落雷に対し、校内には避雷針を備えた屋根付きスタンドを15年前に設置するなど対策を取ってきたという。公立学校でこのような対策を取ることは余り聞かない。私立学校ならではであり、回答からは学校としてできる対策を取ってきたという自負も感じられる。予測が難しいため、気象庁も出すのは注意報までで、警報はないという背景もあるだろう。(「(社説)部活の落雷事故 躊躇なく止める決断を」:朝日新聞)
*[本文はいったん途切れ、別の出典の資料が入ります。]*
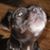 Teresa Wolf Johnson's profile image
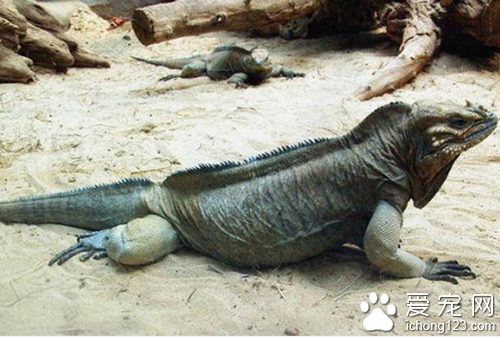 犀牛鬣蜥怎么养 饲养的时候小心被咬伤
日本大気電気学会顧問を務める牛尾知雄・大阪大学教授(電磁波工学)によれば、当日午後5時45分頃から6時15分頃の間に積乱雲が発達していたとされる。また、近くの住人の「「パラパラと雨が降る中、『ドーン』と大きな音が1回した。ゴロゴロという音もなかった」という証言からも、まさに突発的な天候の変化があったと思われ、その場で教員が予測して臨機応変に対応することは難しかったと推測される。
今後学校が事故調査委員会で事故を検証するということで、メディアも明確な批判は避けているようだが、報道タイトルが「顧問ら注意報認知せず」であり、暗に批判を煽っていることは明白だ。この事故における学校の責任はどこまで求められるのだろうか。
「大川小の悲劇」が与えた衝撃
学校における自然災害事故が起こる度、筆者の脳裏には、学校教育関係者に大きな衝撃を与えた東日本大震災における「大川小の悲劇」が思い浮かぶ。
2011年3月11日午後2時46分、マグニチュード9.0の地震の影響で発生した津波により、石巻市立大川小学校で70人以上の児童が教職員10人とともに死亡した(大川小学校事故検証報告書)。この事故については、後に死亡した児童のうち23人の父母である原告らが、大川小学校の教員等に過失があるとして裁判を起こしている。
多くの学校関係者が注目する中、最高裁が上告を不受理としたことで最終的に14億円余りの損害賠償を命じた控訴審判決が確定した。教員が不適切な避難場所へ移動しようとしたため子ども達の命が奪われた、というのが判決理由である。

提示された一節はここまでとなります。